Sobre el “veto” del Gobierno al abogado de la Manada

Durante los últimos días y semanas hemos leído algunos titulares ciertamente preocupantes: “El abogado de ‘La Manada’, vetado en un curso sobre sexualidad de la Universidad de Cádiz” (ver aquí), “Moncloa veta al abogado de la Manada” (ver aquí) o, “Agustín, el abogado estrella de La Manada, vetado en un curso sobre sexualidad en Cádiz” (ver aquí).  Según se desprende de los diferentes artículos de prensa, el abogado defensor de ‘La Manada’, Agustín Martínez, no participará en un curso sobre sexualidad organizado por la Universidad de Cádiz, al que había sido invitado previamente y en el que se iba a referir a la sentencia del Tribunal Supremo, que ha condenado a 15 años de prisión a sus representados por un delito de agresión sexual.

Más allá de que la información publicada sea cierta y de que efectivamente sea cierto o no que el Gobierno ha presionado de un modo u otro a la Universidad de Cádiz para que el el abogado defensor de la Manada no pudiera participar mencionado curso, es preciso que recordemos algunos de los principios básicos sobre los que se asienta nuestro Estado de Derecho, a fin de que este tipo de titulares no terminen convirtiéndose en algo normal o aceptable.

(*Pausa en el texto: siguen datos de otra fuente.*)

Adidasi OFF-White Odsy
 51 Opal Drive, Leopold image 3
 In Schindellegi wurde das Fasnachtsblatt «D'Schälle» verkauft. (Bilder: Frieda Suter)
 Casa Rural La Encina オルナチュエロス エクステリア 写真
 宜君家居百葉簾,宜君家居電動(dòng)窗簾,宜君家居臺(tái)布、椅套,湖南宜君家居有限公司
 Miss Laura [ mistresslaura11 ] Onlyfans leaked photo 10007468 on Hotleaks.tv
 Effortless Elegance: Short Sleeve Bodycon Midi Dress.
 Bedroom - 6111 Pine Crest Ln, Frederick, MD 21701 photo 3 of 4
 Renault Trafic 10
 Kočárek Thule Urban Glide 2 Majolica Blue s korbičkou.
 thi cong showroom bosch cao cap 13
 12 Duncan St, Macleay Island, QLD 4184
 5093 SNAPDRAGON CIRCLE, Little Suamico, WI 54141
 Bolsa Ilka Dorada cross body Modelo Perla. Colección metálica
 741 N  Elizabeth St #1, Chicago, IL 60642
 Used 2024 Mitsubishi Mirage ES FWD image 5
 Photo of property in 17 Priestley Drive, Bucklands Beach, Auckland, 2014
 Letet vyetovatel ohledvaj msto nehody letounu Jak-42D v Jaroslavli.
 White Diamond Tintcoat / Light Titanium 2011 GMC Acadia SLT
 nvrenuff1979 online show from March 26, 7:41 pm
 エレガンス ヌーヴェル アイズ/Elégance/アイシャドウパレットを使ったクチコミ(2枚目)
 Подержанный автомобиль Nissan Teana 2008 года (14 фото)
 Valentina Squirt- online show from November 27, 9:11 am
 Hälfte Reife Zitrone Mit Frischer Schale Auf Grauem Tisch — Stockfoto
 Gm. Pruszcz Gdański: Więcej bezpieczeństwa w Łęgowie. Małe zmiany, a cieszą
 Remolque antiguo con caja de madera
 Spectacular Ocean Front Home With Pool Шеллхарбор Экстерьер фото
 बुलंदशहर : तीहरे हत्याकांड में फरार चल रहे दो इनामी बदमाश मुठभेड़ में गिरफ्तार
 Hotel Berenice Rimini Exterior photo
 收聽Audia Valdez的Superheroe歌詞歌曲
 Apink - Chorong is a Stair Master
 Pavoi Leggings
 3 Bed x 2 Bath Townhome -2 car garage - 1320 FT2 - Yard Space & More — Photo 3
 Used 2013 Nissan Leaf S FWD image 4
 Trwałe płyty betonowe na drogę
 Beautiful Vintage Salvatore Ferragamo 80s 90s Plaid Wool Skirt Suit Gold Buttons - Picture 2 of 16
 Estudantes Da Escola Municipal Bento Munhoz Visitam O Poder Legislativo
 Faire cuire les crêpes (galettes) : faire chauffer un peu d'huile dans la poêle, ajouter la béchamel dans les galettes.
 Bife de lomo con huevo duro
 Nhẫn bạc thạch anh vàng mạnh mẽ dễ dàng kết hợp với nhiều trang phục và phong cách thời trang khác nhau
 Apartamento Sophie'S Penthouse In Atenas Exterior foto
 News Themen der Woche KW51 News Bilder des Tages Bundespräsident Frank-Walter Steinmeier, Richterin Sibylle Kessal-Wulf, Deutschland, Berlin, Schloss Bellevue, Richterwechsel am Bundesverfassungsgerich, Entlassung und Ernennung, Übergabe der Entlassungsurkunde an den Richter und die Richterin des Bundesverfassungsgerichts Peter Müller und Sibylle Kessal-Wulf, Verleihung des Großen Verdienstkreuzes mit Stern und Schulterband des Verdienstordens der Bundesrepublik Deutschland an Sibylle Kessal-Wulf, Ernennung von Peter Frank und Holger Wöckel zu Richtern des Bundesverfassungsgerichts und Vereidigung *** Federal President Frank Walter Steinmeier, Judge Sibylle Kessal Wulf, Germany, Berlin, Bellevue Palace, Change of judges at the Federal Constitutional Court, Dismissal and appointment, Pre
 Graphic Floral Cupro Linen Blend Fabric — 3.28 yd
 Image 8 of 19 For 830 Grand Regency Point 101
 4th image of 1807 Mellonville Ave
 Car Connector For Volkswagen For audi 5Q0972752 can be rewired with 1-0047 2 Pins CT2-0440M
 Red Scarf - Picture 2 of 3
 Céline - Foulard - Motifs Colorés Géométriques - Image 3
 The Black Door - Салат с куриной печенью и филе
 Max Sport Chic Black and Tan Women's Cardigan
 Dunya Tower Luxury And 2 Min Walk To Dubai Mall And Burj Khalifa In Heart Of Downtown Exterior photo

El derecho de todo imputado a la defensa letrada es una garantía indispensable para evitar la arbitrariedad en la toma de decisiones y el poder ilimitado y despótico del Estado. Así lo reconocen todos los textos internacionales suscritos tras la devastación de la Segunda Guerra Mundial, como el artículo 6.3 c) del Convenio Europeo de Derechos Humanos de 4 de noviembre de 1950, cuando dispone que todo acusado tiene, como mínimo, el derecho a “defenderse por sí mismo o a ser asistido por un defensor de su elección y, si no tiene medios para pagarlo, poder ser asistido gratuitamente por un Abogado de oficio, cuando los intereses de la justicia lo exijan” (en un sentido muy parecido: art. 14.3 del Pacto Internacional de Derechos Civiles y Políticos de 19 diciembre de 1966).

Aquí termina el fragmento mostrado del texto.